Retraites : le rachat de trimestres assoupli


Les actifs ayant travaillé quand ils étaient étudiants peuvent dorénavant racheter des trimestres de cotisation au titre des années d'études supérieures. Un assouplissement instauré par la dernière réforme des retraites.    

des jeunes

Il est désormais autorisé de racheter des trimestres de retraite au titre des années d’études supérieures même si l’on a cotisé durant cette période. Une circulaire de la Caisse nationale d’assurance vieillesse (Cnav), parue le 10 avril 2014, supprime la condition de non affiliation à un régime de retraite pendant les périodes d’études supérieures « faisant l’objet de la demande de versement pour la retraite ».

Depuis la loi Fillon de 2003, les salariés, fonctionnaires, indépendants (artisans, commerçants, entrepreneurs) et professions libérales ont la possibilité d’effectuer des versements pour la retraite (VPLR), plus communément appelés « rachats de trimestres », pour compenser les périodes durant lesquelles ils n’ont pas pu cotiser. On y trouve les périodes de chômage non indemnisé, les temps partiels et les « petits boulots » ne permettant pas de valider 4 trimestres de cotisation dans l’année et les années d’études supérieures validées par un diplôme (à l’exception des classes préparatoires aux concours des écoles d’ingénieurs et de commerce).

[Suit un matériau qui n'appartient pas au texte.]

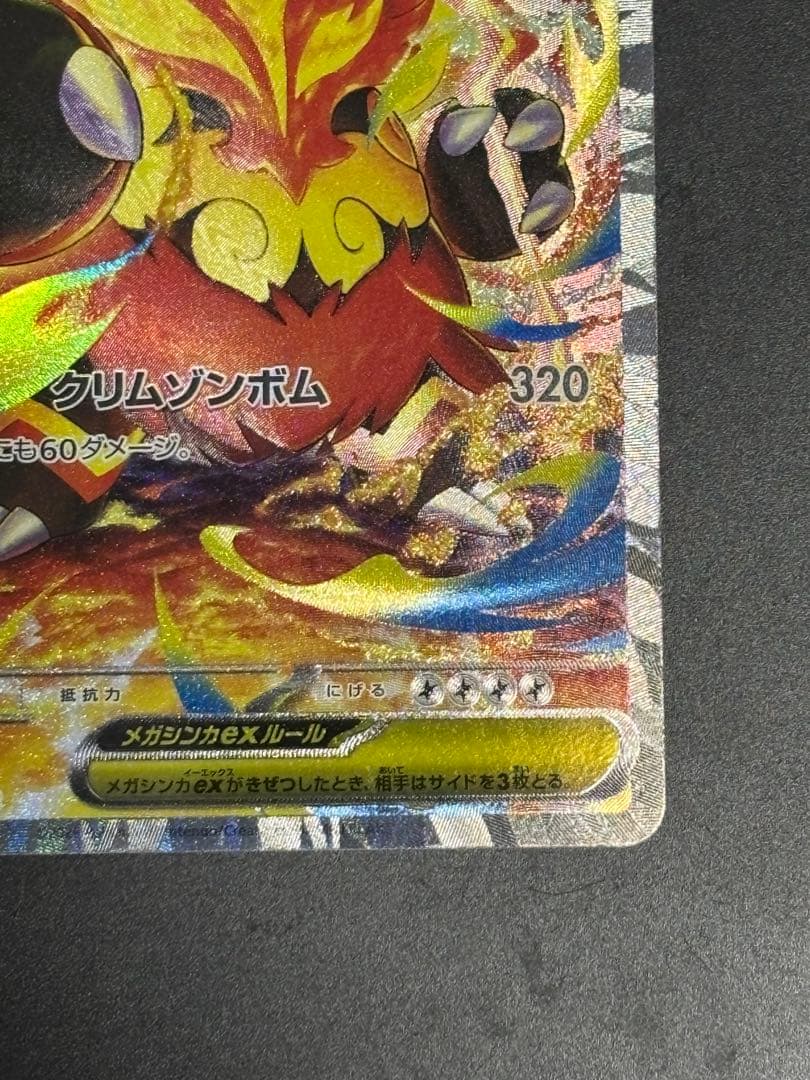 ポケモンカード　メガエンブオーex SAR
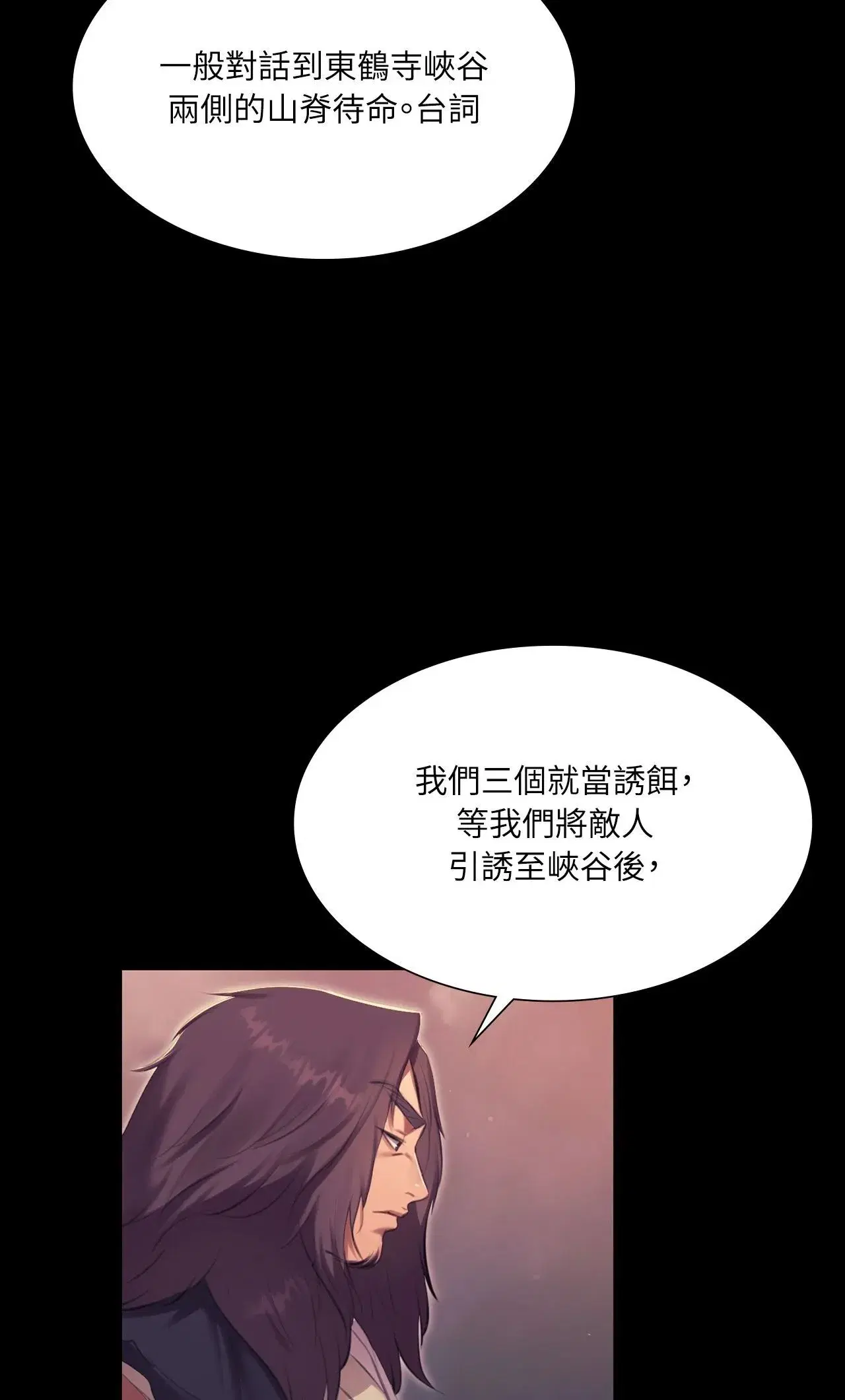 第236話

Les diplômes étrangers également

Les actifs peuvent ainsi racheter jusqu’à 12 trimestres (3 annuités) par régimes (de base et complémentaires) auxquels ils sont assurés. Jusqu’ici, pour effectuer un VPLR au titre des années d’études, il ne fallait pas avoir travaillé (et donc cotisé) en tant qu’étudiant. L’article 27 de la loi du 20 janvier 2014 a supprimé cette condition qui réduisait les possibilités de rachats de trimestres.

La nouvelle règle s’applique aux demandes de VPLR déposées à compter du 22 janvier 2014. « Sont visées les scolarités accomplies au sein des établissements d’enseignement supérieur, des écoles techniques supérieures, des grandes écoles et classes préparatoires du second degré. L’assuré doit avoir obtenu un diplôme ou avoir été admis dans une grande école ou classe préparatoire. Les périodes d’études ayant permis l’obtention d’un diplôme équivalent délivré par un Etat membre de l’Union européenne peuvent, dans les mêmes conditions, faire l’objet d’un versement pour la retraite », précise la circulaire.

 

Une aide de l’Etat prévue

A noter : la loi du 20 janvier 2014 prévoit également qu’un rabais soit consenti sur les VPLR si l’actif dépose sa demande dans les dix premières années de sa vie professionnelle. Cette disposition vise à encourager les jeunes à racheter des trimestres. Si le montant du rabais doit être fixé par décret, l’amendement au projet de loi évoquait 1.000 euros par trimestre dans la limite de 4 trimestres. Soit une aide de 4.000 euros prise en charge par l’Etat et dont on ne connaît pas encore le mode de financement.